Publié le 13 mai 2021
ENVIRONNEMENT
Suppression de vols domestiques : la France précurseuse dans le monde
[La loi climat mise à l'épreuve] C'est une première dans le monde. La France va interdire les vols domestiques lorsqu'il existe une alternative en train de moins de deux heures et demie. Si des initiatives existent en Europe, aucun autre pays n'a encore légiféré sur le sujet. Mais, attention, préviennent des experts, la disparition de vols courts pourrait donner plus de place pour les vols courriers et au final desservir le climat. Alors que le projet de loi a été voté début mai à l'Assemblée nationale, Novethic en décrypte les mesures phares.

@olrat
La mesure a été saluée dans la presse étrangère. Le média britannique The Guardian titrait même qu'elle devrait être "un appel au réveil de la Grande-Bretagne". La France a fait parler d’elle, en décidant, dans le cadre du projet de loi Climat et résilience, de supprimer les vols intérieurs lorsqu’il existe une alternative en train à moins de 2h30. Cela signifie par exemple la suppression des liaisons entre Paris (Orly) et Lyon, Nantes ou Bordeaux, hors correspondances.
La France est le premier du monde à légiférer à ce sujet. Mais si la mesure est en passe d'être inscrite dans la loi, elle avait déjà été actée en amont.
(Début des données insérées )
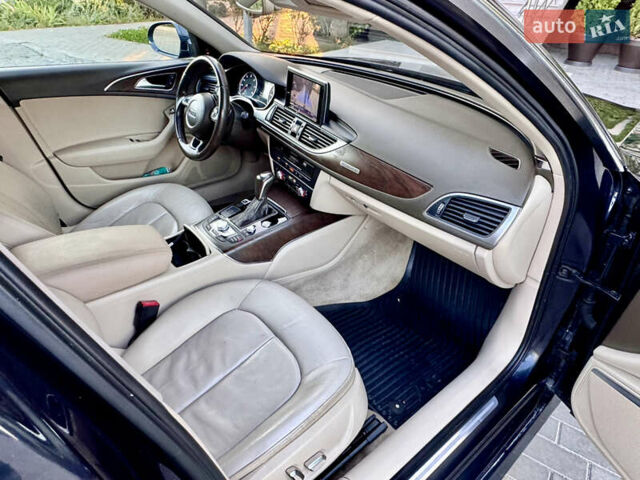 Синий Ауди А6, объемом двигателя 1.98 л и пробегом 223 тыс. км за 16900 $, фото 71 на Automoto.ua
Dans le cadre du plan de relance de septembre 2020, le gouvernement français avait octroyé une aide de sept milliards d’euros à Air France, à condition que la compagnie opère "une réduction drastique des vols intérieurs, limitée aux transferts vers les hubs, chaque fois qu'il y a un itinéraire alternatif en train qui peut être complété en deux heures et demie". La loi permet d'appliquer cette restriction à l'ensemble des autres compagnies aériennes.
Des initiatives en Europe
Sans faire l'objet d'une législation, des initiatives similaires ont été observées en Europe. La compagnie aérienne autrichienne Austrian Airlines a par exemple annoncé en juillet 2020 transférer ses vols entre la capitale Vienne et Salzburg vers un service de train plus fréquent, afin d’elle aussi répondre aux critères environnementaux imposés par le plan d'aide gouvernemental. Il exige de la compagnie une réduction des émissions des vols intérieurs de 50 % d'ici 2050 et de la suppression des vols lorsqu'une alternative en train direct prend "considérablement moins de trois heures".
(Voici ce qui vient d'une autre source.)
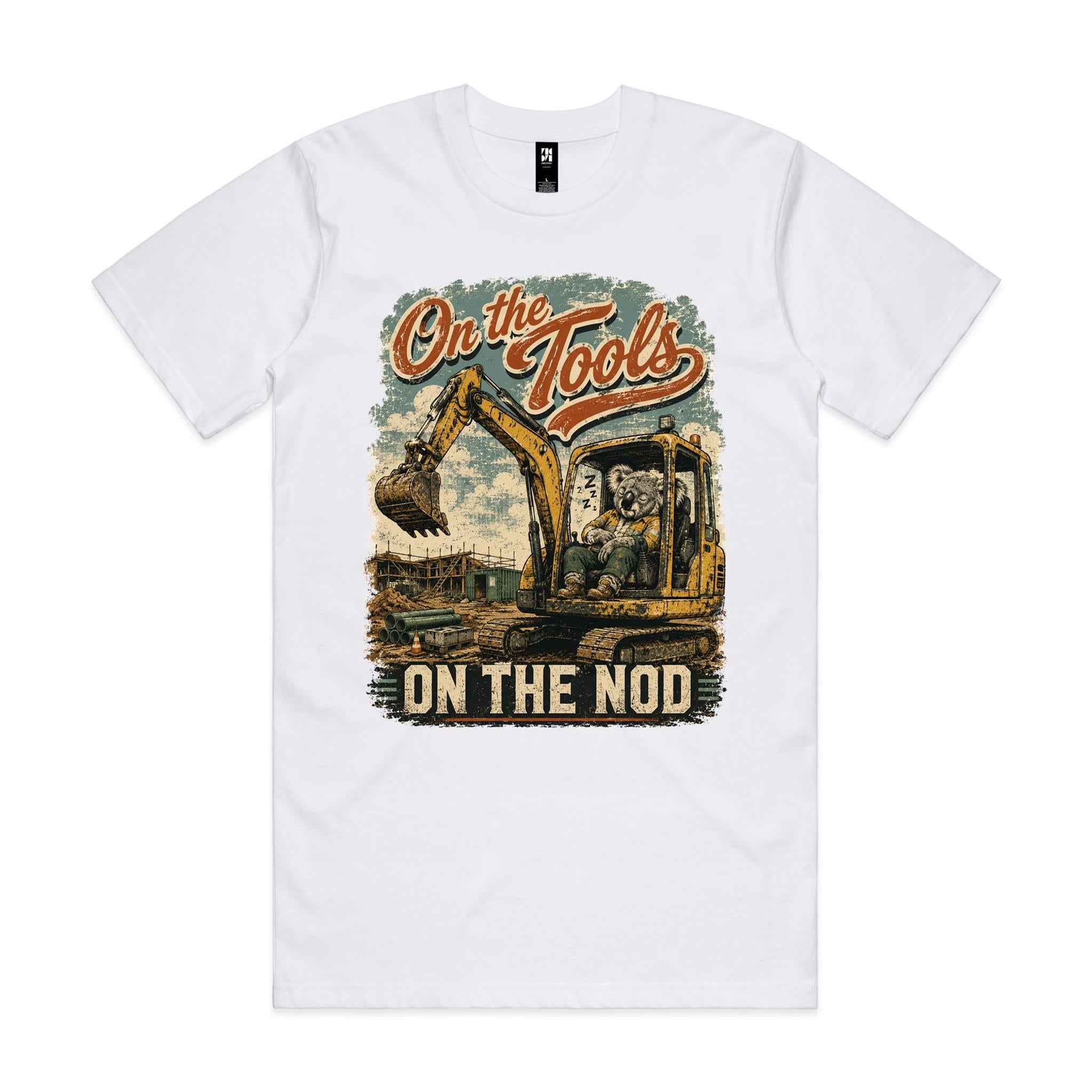 On the Tools — On the Nod | Koala Plant Operator Tee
Le transfert des vols vers le train a le vent en poupe. L'année dernière, la compagnie aérienne néerlandaise KLM s'est associée à des compagnies ferroviaires domestiques et belges pour remplacer un vol Amsterdam-Bruxelles par jour. En Allemagne, la compagnie Lufthansa a mis en place une collaboration avec le réseau ferroviaire, la Deutsche Bahn.
Ne pas tout miser sur le ferroviaire
Ces initiatives ne suffisent toutefois pas pour déployer des politiques ambitieuses en matière de réduction des émissions de CO2 du secteur aérien. "Il important de poursuivre la mesure car elle permet au transport ferroviaire de se développer, d’être plus compétitif, et de réduire les émissions de CO2, explique Jo Dardenne, spécialiste de l'aviation durable au sein de la fédération européenne Transport & Environnement. Mais cela n’adresse qu’une petite partie du problème. Il ne faut pas oublier que deux tiers des émissions sont liés aux vols long-courriers, qui peuvent seulement être décarbonés en remplaçant les carburant fossiles dans les avions. C’est pourquoi l'Europe se tourne surtout plutôt vers le développement de carburants alternatifs."
Xavier Tytelman, consultant en aéronautique, met lui aussi en garde. La mesure de suppression de vols domestiques peut se révéler contre-productive si les créneaux rendus disponibles dans les aéroports sont attribués à des vols long-courriers, beaucoup plus polluants.